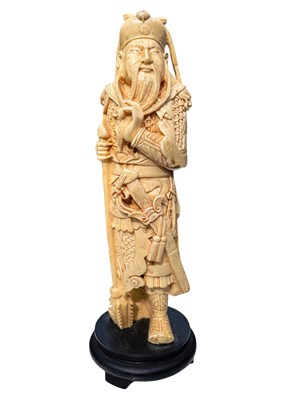 Lot 253 - CHINESE WARRIOR FIGURE
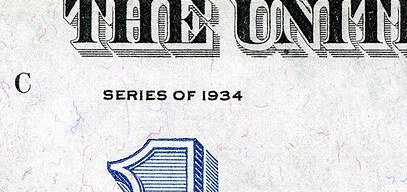Series of 1934 designation on a Silver Certificate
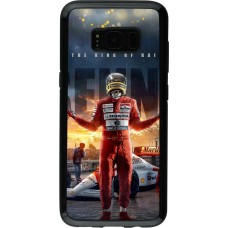 Samsung Galaxy S8 Case Hülle - Hybrid Armor schwarz Senna The King of Rain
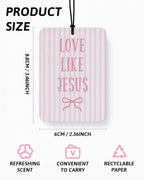 Pink Western Christian Car Air Freshener 4 Pcs Coconut Scented, Religious Car Accessories Mirror Decor for Women, Preppy Girly Cowgirls Hanging Air Freshener for Cars Closet Drawer Books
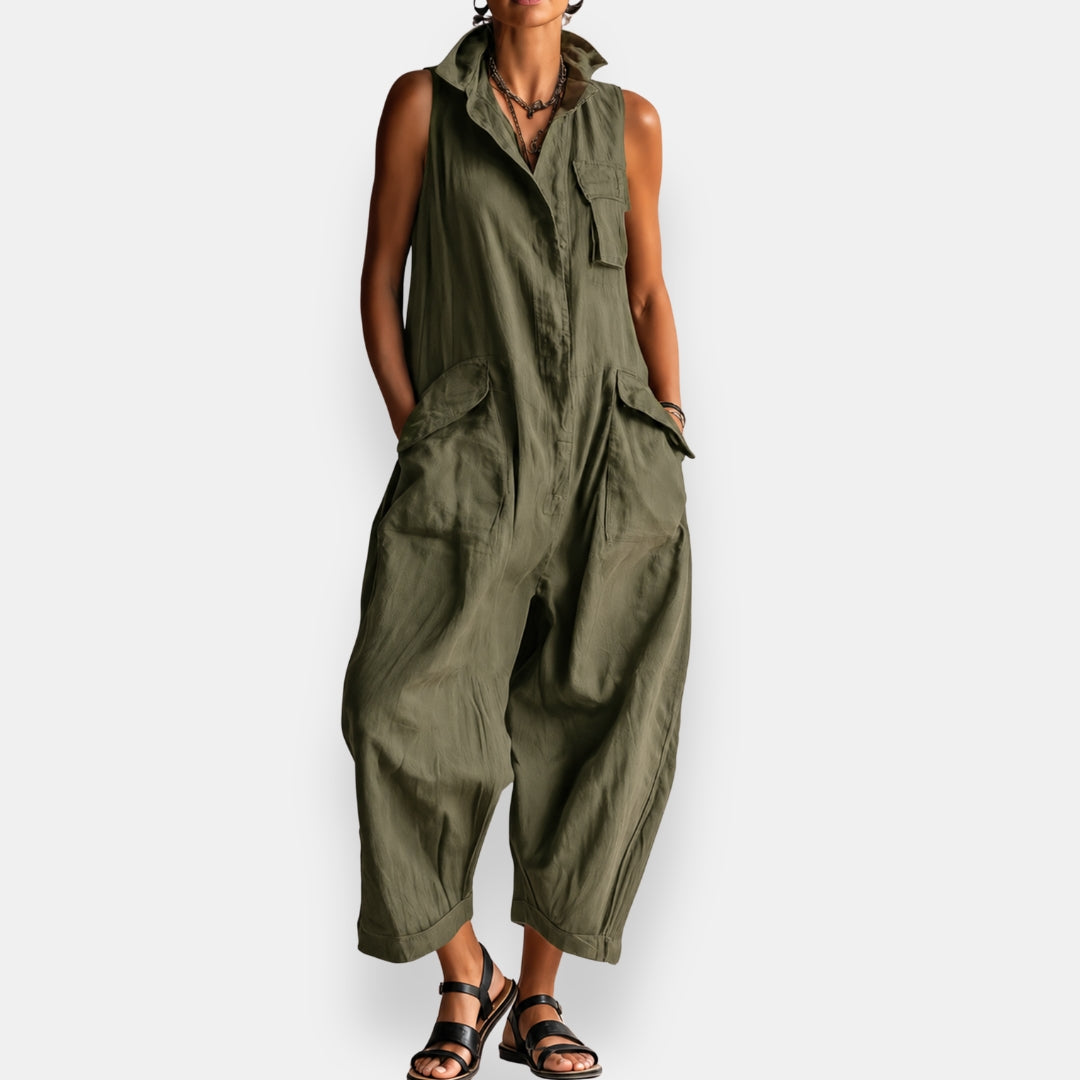 Geraldine | Overol Oversize sin Mangas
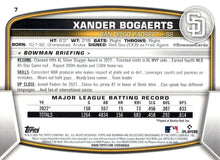 Load image into Gallery viewer, 2023 Bowman Xander Bogaerts #7 San Diego Padres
────
* **EXERCISE OBJECTIVE**: Once the line containing "Geraldine | Overol Oversize sin Mangas" is found, it and every line through the end of the records above should be output exactly, with no pictures.

* **TASK SOLUTION**:
 Geraldine | Overol Oversize sin Mangas
 Load image into Gallery viewer, 2023 Bowman Xander Bogaerts #7 San Diego Padres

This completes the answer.